Salinger gives some of his characters mystical experiences in his other stories. The young boy, Teddy, in “Teddy” from Nine Stories (1953) for instance, has an experience of unity when he watches his sister drink a glass of milk:: “she was God and the milk was God. I mean, all she was doing was pouring God into God.” Seymour is also a mystic. Unfortunately, both Teddy and Seymour die young. Some critics have called Seymour a failed guru for committing suicide. He is not able to affirm life. He does not represent an integrated wisdom, they say. This question of the meaning of Seymour’s death is raised in many of the Glass family stories, as well as in Franny and Zooey.

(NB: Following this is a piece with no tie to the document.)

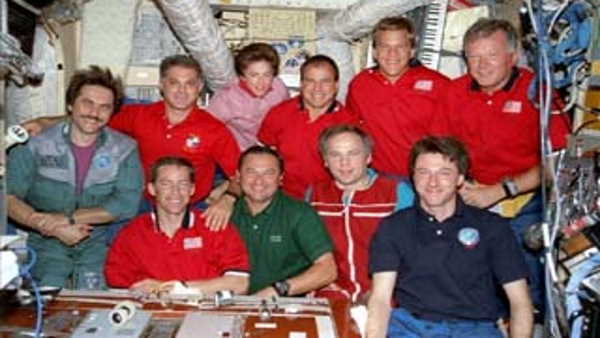 शराब के लिए सप्ताह भर नहीं खाया खाना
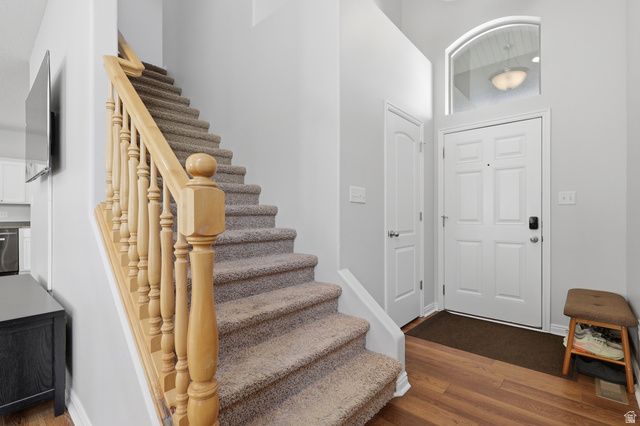 10302 N MORGAN BLVD, Cedar Hills, UT 84062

There are thus two ways to interpret Seymour’s death. The negative version is that he was escaping because he was too sensitive to endure the hypocrisy of postwar America. Seymour, like other World War II veterans in Salinger’s stories, was badly traumatized by the experience of war. Returning from the brutality of war to the materialism of the modern world left him no room to breathe. Did he fail, thus implying his mystical philosophy failed, or was he perhaps a Christ figure, an example to others in a positive sense that the accepted norms were spiritually empty, as his brother Buddy suggests: “I say that the true artist-seer, the heavenly fool who can and does produce beauty, is mainly dazzled to death by his own scruples, the blinding shapes and colors of his own sacred human conscience.” In other words, Seymour stood up to say NO! to the values of American society, because he was a true artist and seer.
The fact that Franny and Zooey in this story are finally able to use the education that Seymour gave them to find their way in life points to the success of the elder brothers, after all. In this way, both Franny and Zooey move beyond their stuck place and learn how to use their freakish education as service to others and to their art.